26 November/ updated 3 December 2014

Three-dimensional ultrasound imaging and augmented-reality software allows surgeons to pinpoint a tumour and measure its volume, including its depth, according to a study presented at the 2014 American College of Surgeons Clinical Congress. See video below.

Surgical oncologists, or cancer surgeons, usually remove breast cancers by relying on tactile feedback and radiologic images of the tumour, such as mammograms and ultrasound images. M. Catherine Lee, MD, FACS, coauthor of the study and associate professor of surgery at H. Lee Moffitt Cancer Center, Tampa, Florida, said, “Our goal in a lumpectomy is to get the lump out with a small rim of normal tissue around it, but we sometimes find out we did not get all of the tumour.”

Dr Lee’s team developed an imaging guidance system designed to minimize the need for repeated operations while sparing greater amounts of healthy breast tissue. Collaborating with St. Thomas University, Florida, the researchers designed a software algorithm that works with digital ultrasound technology. Ultrasound images are converted into 3D images on a computer screen.

In a simulated surgical procedure, the investigators studied the use of augmented-reality to fuse real-world and virtual 3D images. These augmented-reality images can then be transmitted to high-definition 3D glasses or other devices. When the surgeon wears such glasses, they see a superimposed, reconstructed 3D digital image over the actual tumour.

A diagram showing how the technology gives 3D visualisation of a tumour in the patient

“It gives the impression of X-ray vision. You can see the tumour through the skin,” said lead author Segundo J. Gonzalez, MD, a surgical oncology fellow at Moffitt Cancer Center.

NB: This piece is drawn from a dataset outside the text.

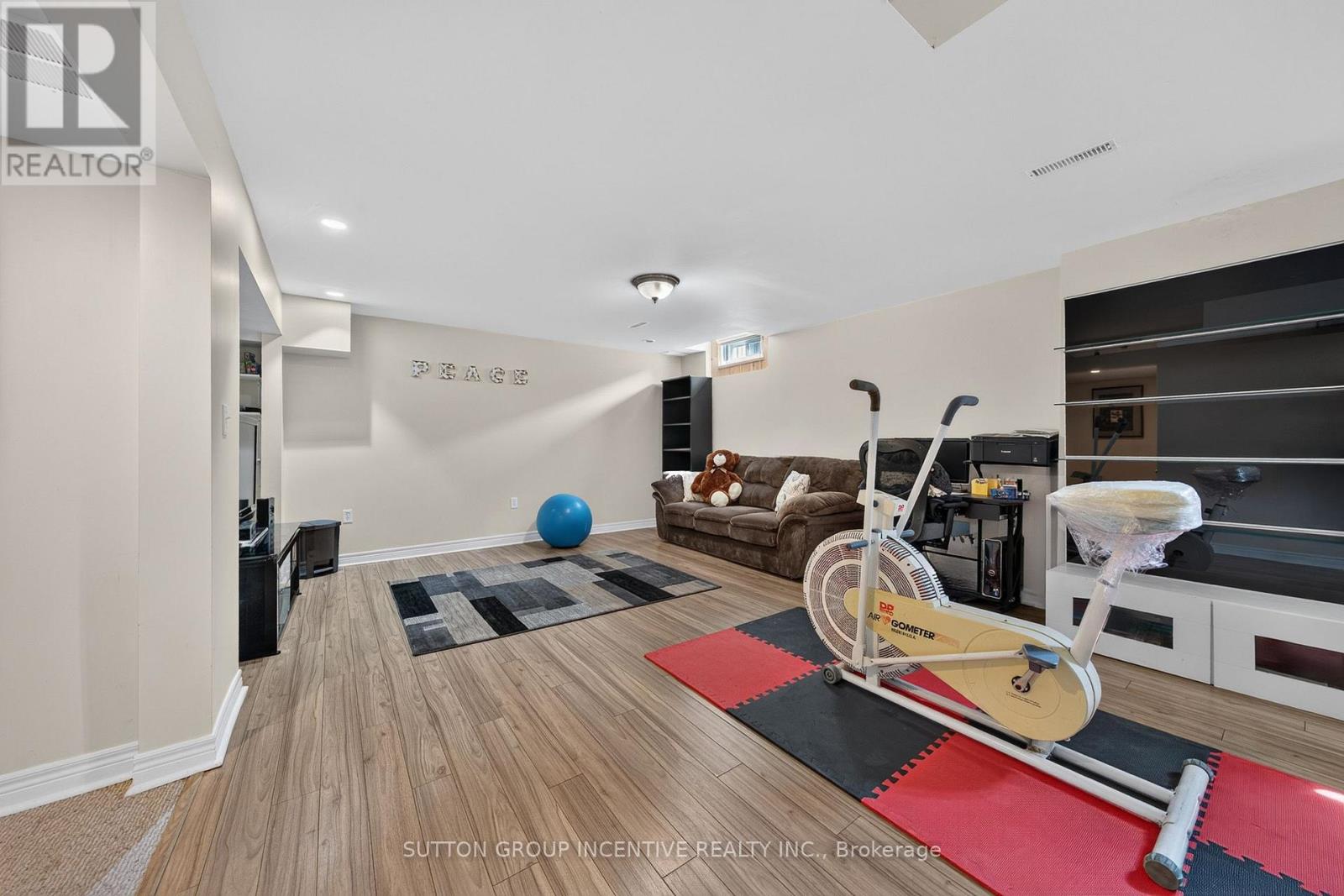 850 LESLIE DRIVE - 18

He and his co-investigators analyzed 66 ultrasound images of tumours (32 pictures of a single tumour and 34 of multiple tumours) inside a plastic model of a breast to determine the augmented-reality system’s accuracy of measuring tumour volume. The closer the 3D ultrasound image overlapped with the actual tumour, the more accurate the software was.

For detecting a single tumour, the volumetric accuracy was 1.2 cubic mm, which Dr. Gonzalez called “extremely accurate.” Likewise, accuracy for multitumour detection was 5.4 cubic millimeters, or 0.0003 cubic inches.

The investigators hope to study their software using a smart phone camera and, eventually, study it in patients. Dr. Gonzalez is commercializing the new technology through a start-up company, MedSights Tech Corp., in Tampa.